Christians who have chosen to remain in Syria are faithful but also full of weeping and mourning over the deaths of so many innocent people, including children.
Tuesday saw a devastating bombing on a school in Damascus that has left one Christian woman living in the city, Hanna, full of grief at the sight of more bloodshed.
The civil war, which has claimed at least 120,000 lives shows no sign of ending any time soon.
Hanna lives in war-torn Damascus with her husband and two young daughters, and works in a school.
She lives by faith but admits that the reality of war is taking its toll. She shared the following report via contacts of Open Doors in Syria:
While I'm telling you this (Wednesday), we're in the middle of a bombing. My husband and two girls just saw one bomb falling down over 200 yards from our house. We hurried downstairs to be safer.

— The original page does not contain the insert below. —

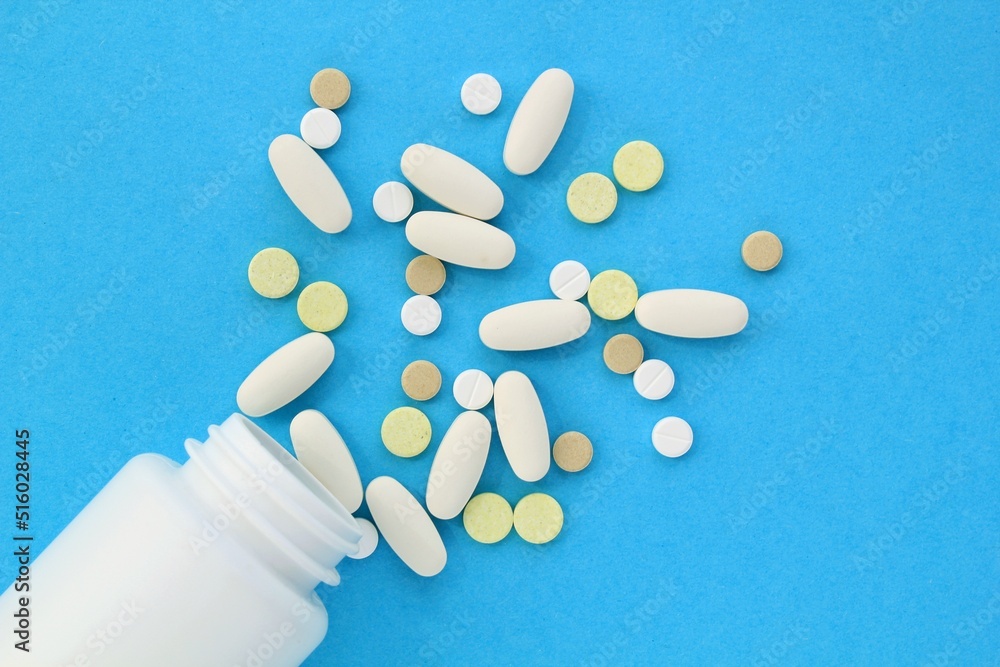 Tablets, capsule, pills and white plastic pack on blue background. Vitamin prescription supplement, drugs, Pharmaceutical medicine health therapy idea. Suicide abuse overdose concept. Doping steroid Tablets, capsule, pills and white plastic pack on blue background. Vitamin prescription supplement, drugs, Pharmaceutical medicine health therapy idea. Suicide abuse overdose concept. Doping steroid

A mortar falling down sounds like a very strong voice near you; it's the same pressure. We don't know what will happen in five minutes, or even one minute. One moment you're here, the next moment you can be gone. A few days ago my relative was preparing Easter snacks in the kitchen when suddenly her life was over; a bomb fell through her apartment. We didn't find her body.
I want to tell you about Tuesday. It was a terrible day. We cried and prayed all day. Tuesday they were bombing Bab Touma, the old city of Damascus. A lot of Christians live there. There is also a Christian school -- a private one. We know a lot of people in that school. Some children from our area also go to school there.
When those kids went to school on Tuesday, gathered at the square like they always do, a mortar fell in their midst. Some friends passed by the school and saw that parents and teachers were carrying their wounded children out of the school, dripping with blood. They saw them running to the hospitals in panic. For me, as a mother and a teacher, I can hardly bear to imagine what these people must be going through right now.
Twelve people lost their lives in that school, most of them children from the elementary school. Many more of them have lost arms and legs or have other injuries.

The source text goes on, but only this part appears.